9

I have a tool that uses a org.apache.parquet.hadoop.ParquetWriter to convert CSV data files to parquet data files.

Currently, it only handles int32, double, and string

I need to support the parquet timestamp logical type (annotated as int96), and I am lost on how to do that because I can't find a precise specification online.

It appears this timestamp encoding (int96) is rare and not well supported. I've found very little specification details online.
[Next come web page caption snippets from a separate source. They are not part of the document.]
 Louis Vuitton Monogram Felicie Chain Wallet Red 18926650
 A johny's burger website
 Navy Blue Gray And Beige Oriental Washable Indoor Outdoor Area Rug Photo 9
This github README states that:

Timestamps saved as an int96 are made up of the nanoseconds in the day (first 8 byte) and the Julian day (last 4 bytes).

Specifically:

  1. Which parquet Type do I use for the column in MessageType schema? I assume I should use the primitive type, PrimitiveTypeName.INT96, but I'm not sure if there may be a way to specify a logical type?
  2. How do I write the data? i.e. In what format do I write the timestamp to the group? For an INT96 timestamp, I assume I must write some binary type?

Here is a simplified version of my code that demonstrates what I am trying to do. Specifically, take a look at the "TODO" comments, these are the two points in the code that correlate to the questions above.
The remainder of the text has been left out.